==== Records supplied ====
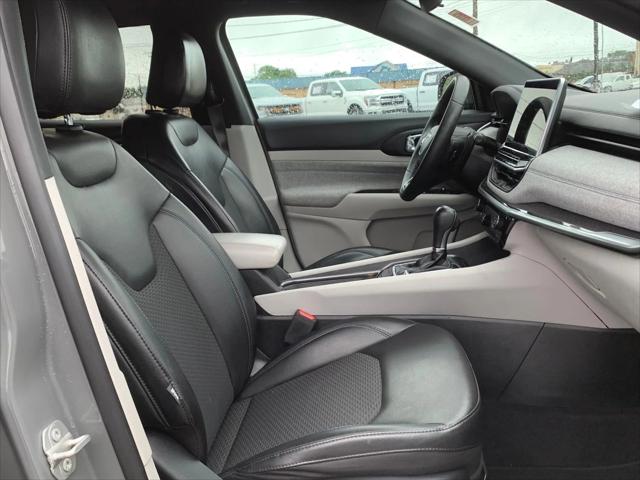 2023 Jeep Compass Latitude 4x4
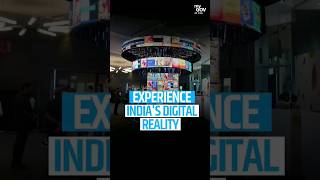 Experience Indias Digital Reality  Shorts [upl. by Hillyer482]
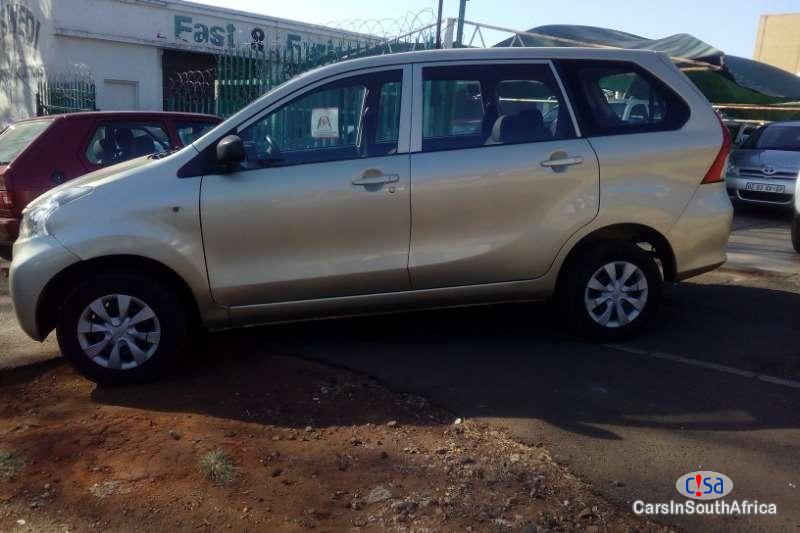 Picture of Toyota Avanza 1.3 Manual 2013
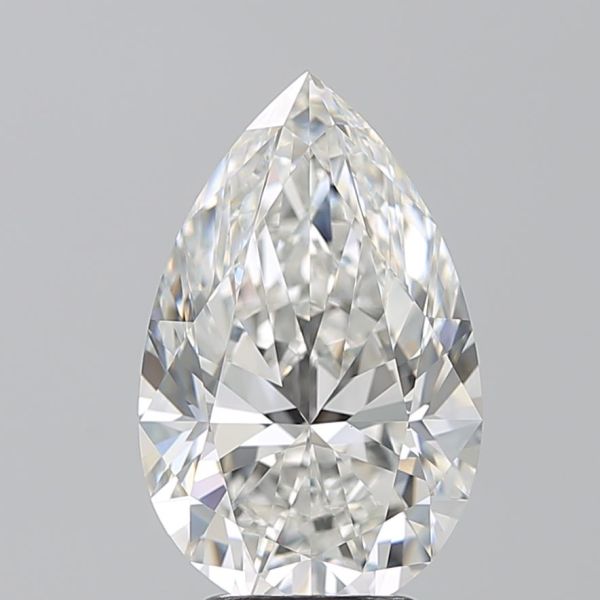 PEAR 4.19 G VS1 --EX-EX - 100759949126 GIA Diamond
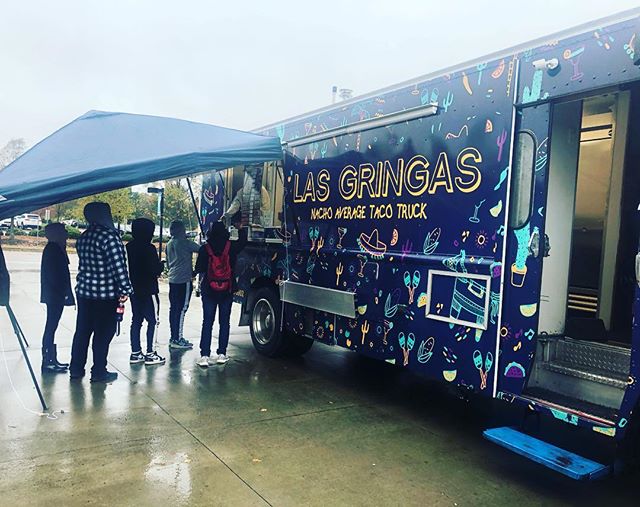 Las Gringas Food Truck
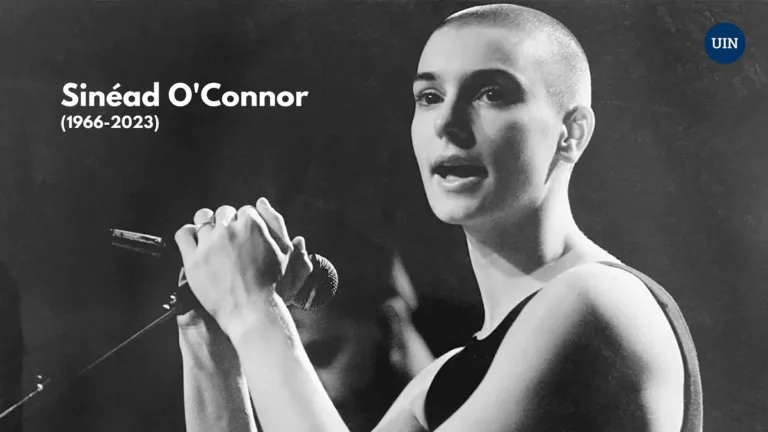 Sinéad O'Connor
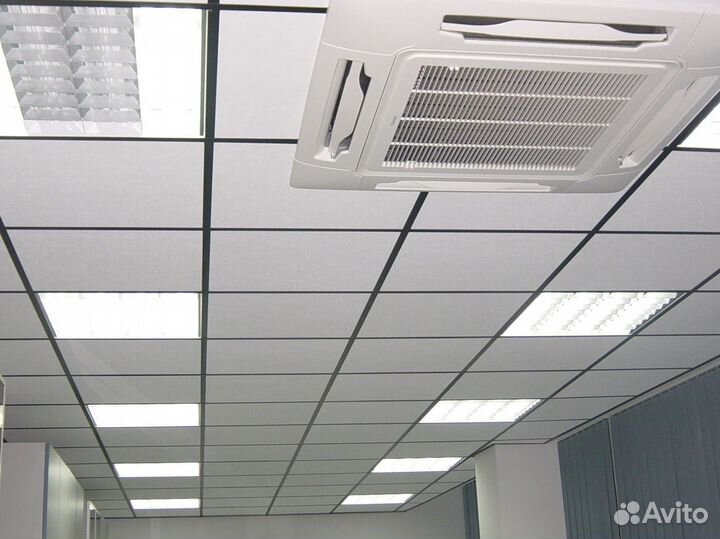 Потолок армстронг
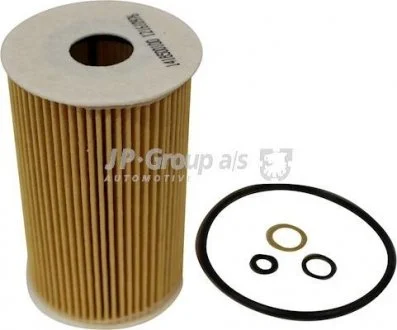 Фільтр олії BMW E30/36/46 JP GROUP 1418500100
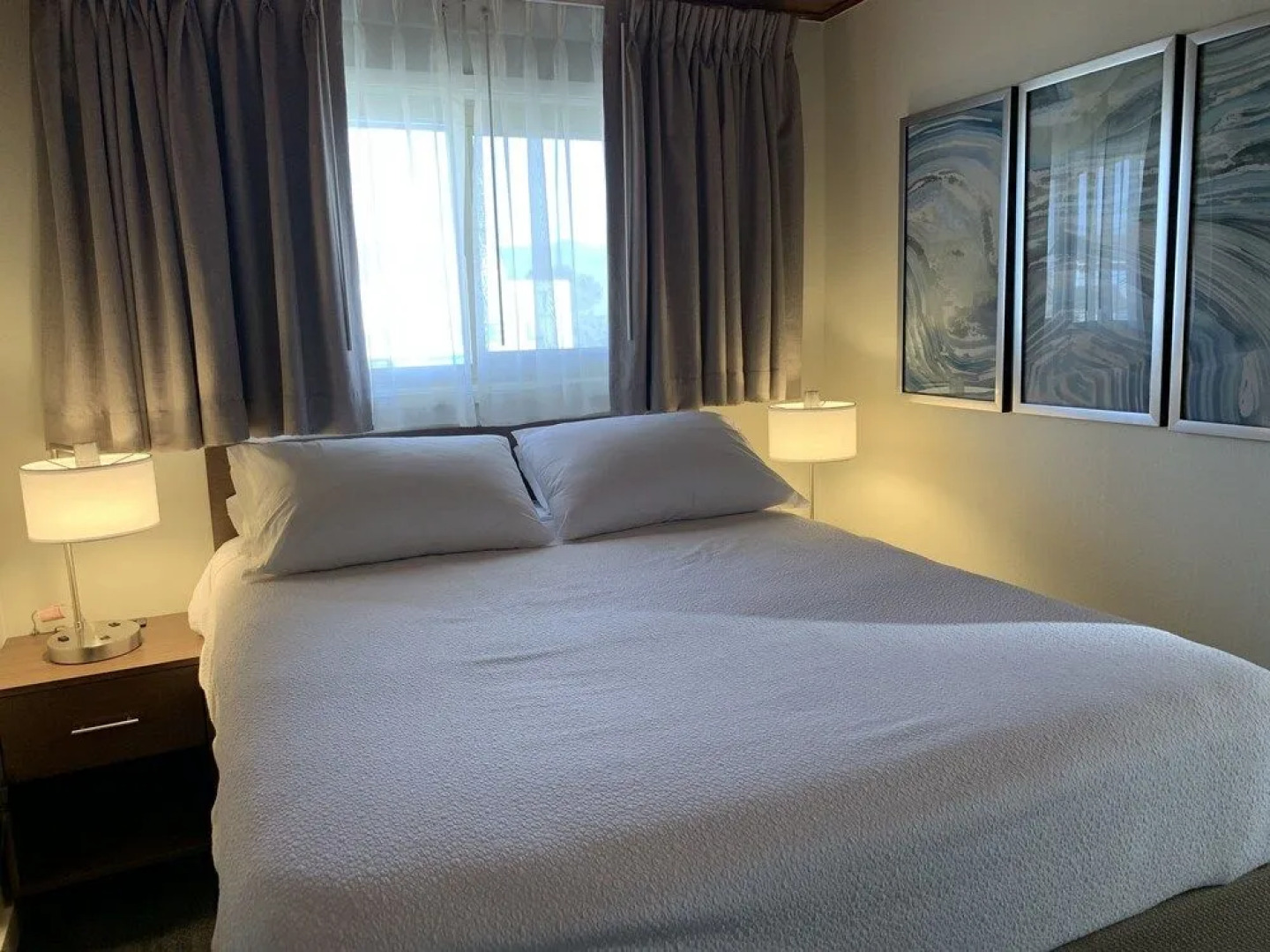 The Ocean Front at Seaside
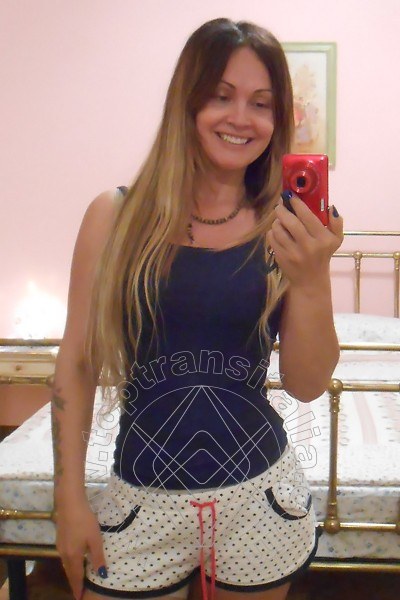 Foto selfie 104 di Dayane Callegare Pornostar transex Albissola Marina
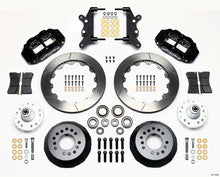 Load image into Gallery viewer, Wilwood Narrow Superlite 6R Front Hub Kit 12.88in 60-68 Ford / Mercury Full Size / Galaxie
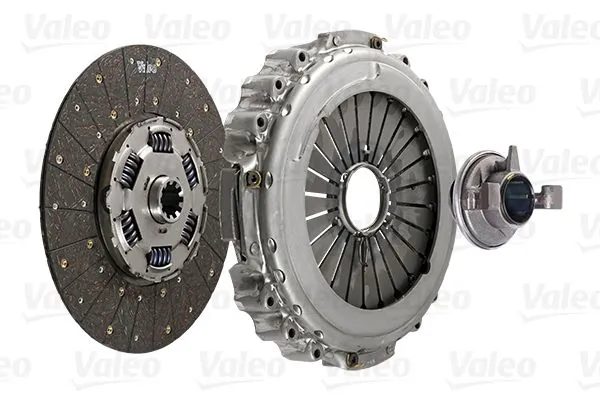805237 VALEO Зчеплення в зборі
====
**Exercise directions**. Reproduce only the lines from the beginning of the data through the line that contains "Foto selfie 104", both included, and please drop the pictures.

**Your response**.
 2023 Jeep Compass Latitude 4x4
 Experience Indias Digital Reality  Shorts [upl. by Hillyer482]
 Picture of Toyota Avanza 1.3 Manual 2013
 PEAR 4.19 G VS1 --EX-EX - 100759949126 GIA Diamond
 Las Gringas Food Truck
 Sinéad O'Connor
 Потолок армстронг
 Фільтр олії BMW E30/36/46 JP GROUP 1418500100
 The Ocean Front at Seaside
 Foto selfie 104 di Dayane Callegare Pornostar transex Albissola Marina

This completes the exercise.